**Problem to solve**
Everything below from the line with "Riel de combustible" through the line with "New 2026 Acura MDX A-Spec AWD/4WD image 11" must be retyped exactly, except the pictures.

[[ Supplied data open ]]

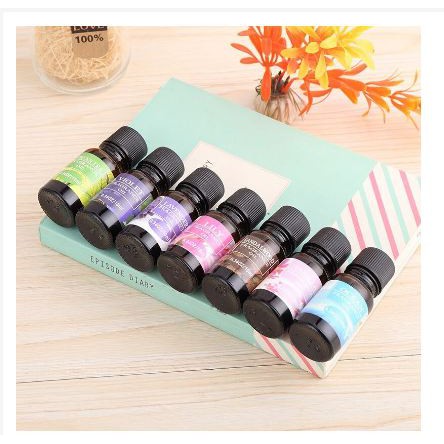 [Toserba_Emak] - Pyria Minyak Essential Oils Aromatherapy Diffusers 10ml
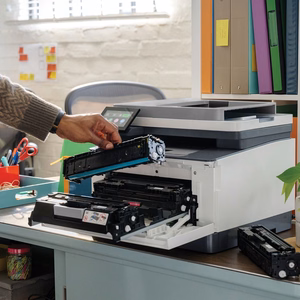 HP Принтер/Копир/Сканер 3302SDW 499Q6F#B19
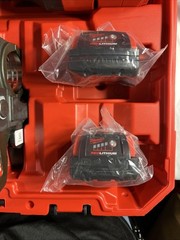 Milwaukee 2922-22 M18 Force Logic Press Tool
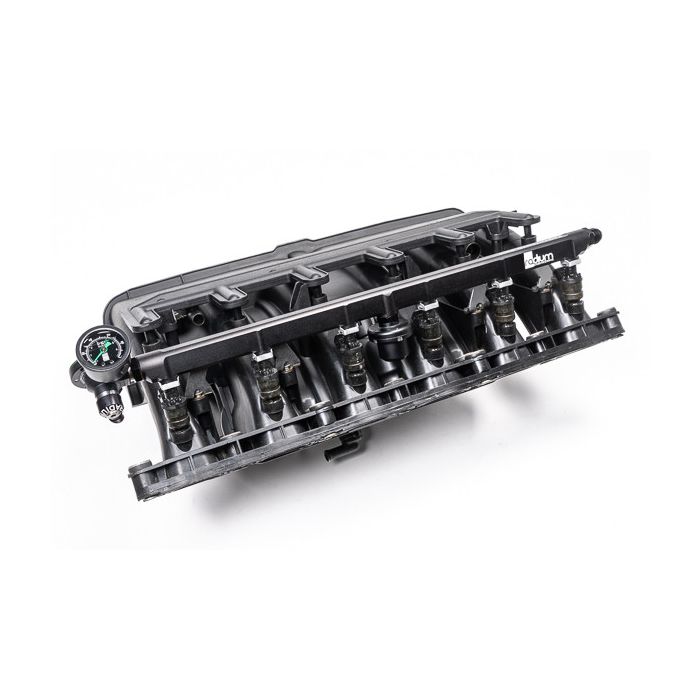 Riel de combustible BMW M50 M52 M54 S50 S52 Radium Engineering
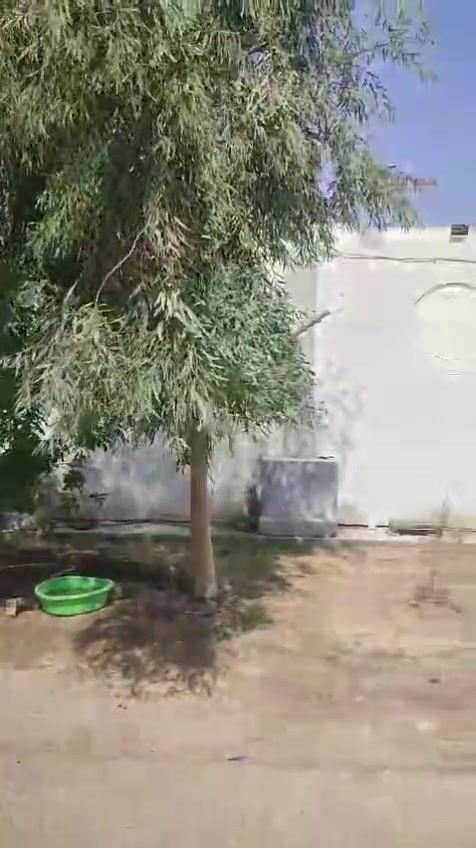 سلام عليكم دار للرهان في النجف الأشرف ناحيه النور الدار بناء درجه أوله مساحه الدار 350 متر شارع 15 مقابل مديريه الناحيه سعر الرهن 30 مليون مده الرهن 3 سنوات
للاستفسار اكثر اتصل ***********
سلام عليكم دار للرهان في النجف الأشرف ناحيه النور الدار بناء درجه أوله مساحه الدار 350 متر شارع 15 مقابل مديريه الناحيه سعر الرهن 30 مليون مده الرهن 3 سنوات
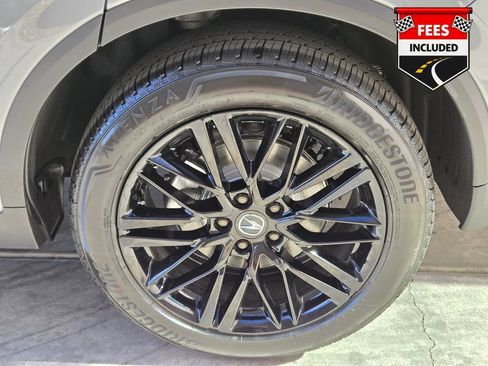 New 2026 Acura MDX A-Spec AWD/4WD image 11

[[ Supplied data closed ]]
[[ Supplied data open ]]

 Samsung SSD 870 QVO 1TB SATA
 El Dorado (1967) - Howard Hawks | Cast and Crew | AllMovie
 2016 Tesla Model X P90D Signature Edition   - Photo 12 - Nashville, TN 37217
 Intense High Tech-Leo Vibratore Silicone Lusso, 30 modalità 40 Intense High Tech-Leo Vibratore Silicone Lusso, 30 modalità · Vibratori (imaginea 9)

[[ Supplied data closed ]]

**Problem solution**
 Riel de combustible BMW M50 M52 M54 S50 S52 Radium Engineering
 سلام عليكم دار للرهان في النجف الأشرف ناحيه النور الدار بناء درجه أوله مساحه الدار 350 متر شارع 15 مقابل مديريه الناحيه سعر الرهن 30 مليون مده الرهن 3 سنوات
للاستفسار اكثر اتصل ***********
سلام عليكم دار للرهان في النجف الأشرف ناحيه النور الدار بناء درجه أوله مساحه الدار 350 متر شارع 15 مقابل مديريه الناحيه سعر الرهن 30 مليون مده الرهن 3 سنوات
 New 2026 Acura MDX A-Spec AWD/4WD image 11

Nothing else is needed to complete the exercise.